A pair of tiny probes slated to make space history at Mars' icy south pole next month have been named after the first explorers to reach our own planet's southern extreme.
Paul Withers, a University of Arizona graduate student who studies Mars' thin atmosphere, won the contest for suggesting the names Amundsen and Scott for NASA's Deep Space 2 mission, a submission bolstered by an essay he wrote.
"A century ago, Antarctica was the Earth's only unexplored continent," Withers wrote. "Then expeditions led by Amundsen and Scott landed there, striving to discover its secrets, seeking knowledge and finding a land of stark beauty. Scott perished in Antarctica. His memorial's inscription reads: 'To strive, to seek, to find, not to yield.' These are aims of the Deep Space 2."

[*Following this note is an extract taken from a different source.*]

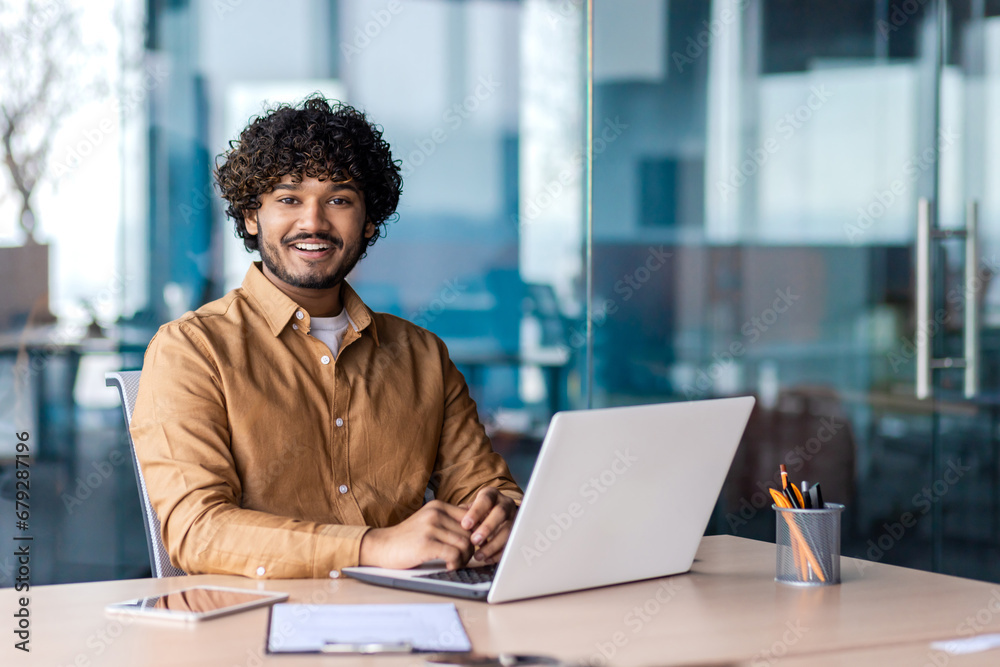 Portrait of young successful businessman inside office at workplace, hispanic smiling and looking at camera, male programmer happy with achievement results. Portrait of young successful businessman inside office at workplace, hispanic smiling and looking at camera, male programmer happy with achievement results.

The microprobes are slated for a risky, brief search for water ice at Mars' south pole, where they will crash land at nearly 400 mph on December 3 after being released from an 11-month piggyback ride aboard the Mars Polar Lander. The lander is also set to land on Mars that day, albeit softly.

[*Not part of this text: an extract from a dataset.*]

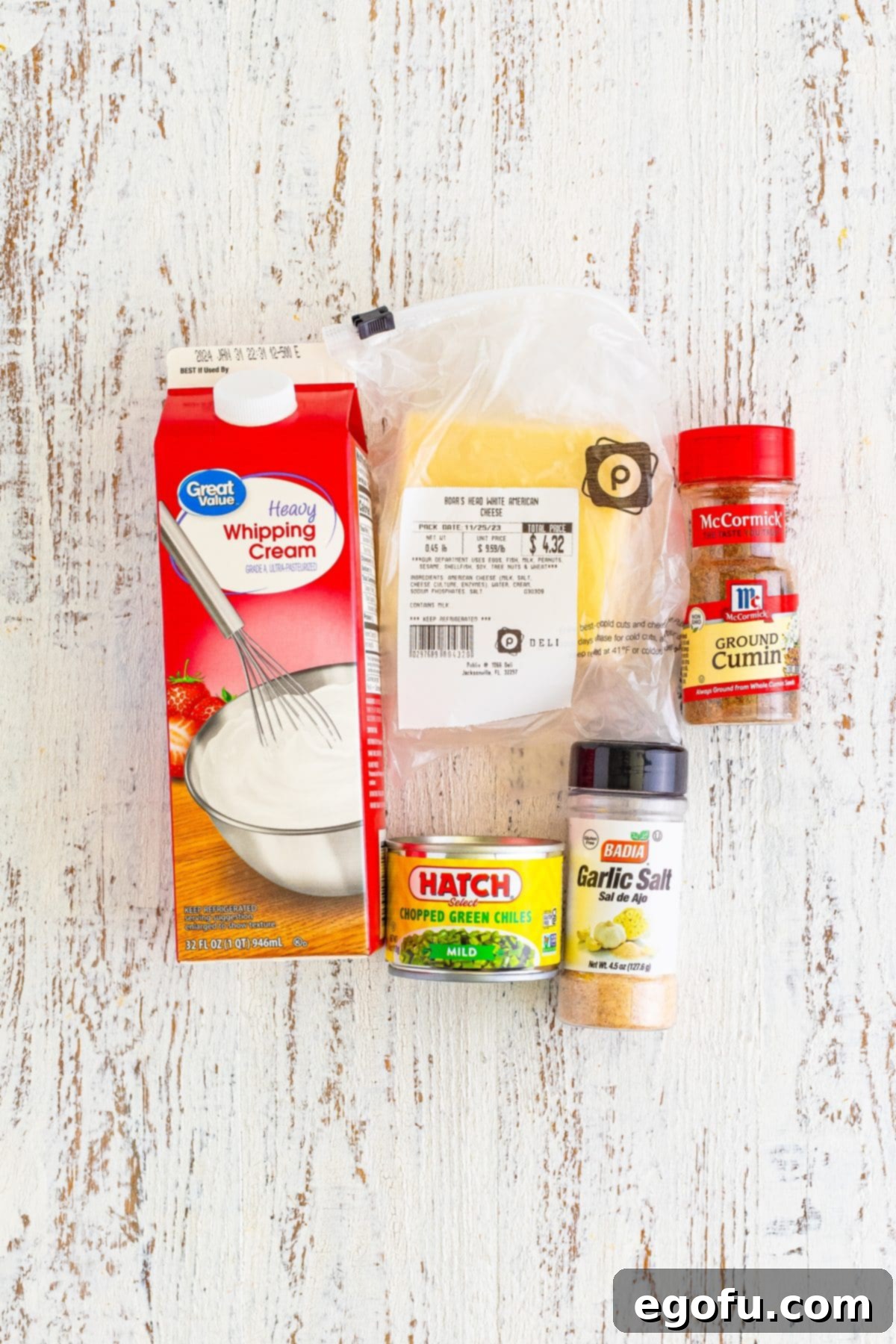 The five main ingredients for Queso Dip laid out: a carton of heavy cream, a block of white American cheese, ground cumin, garlic salt, and a can of chopped green chiles.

The grapefruit-sized probes are designed to plunge to a depth of three feet beneath the surface. They carry tiny shovels to scoop some polar ice, which the devices can "cook" and analyze for the presence of water. The data will be radioed to Earth.
Withers' submission was among 17,000 received by NASA.
Norwegian Roald Amundsen explored the Northwest Passage before leading the first successful expedition to the South Pole, reaching it on December 14, 1911.
Robert Falcon Scott led an English team to the South Pole in January 1912, only to discover the national flag left during Amundsen's earlier arrival.
Although blizzards and starvation claimed Scott and his entire team on their return trip, a search party later found scientifically valuable diaries and notebooks.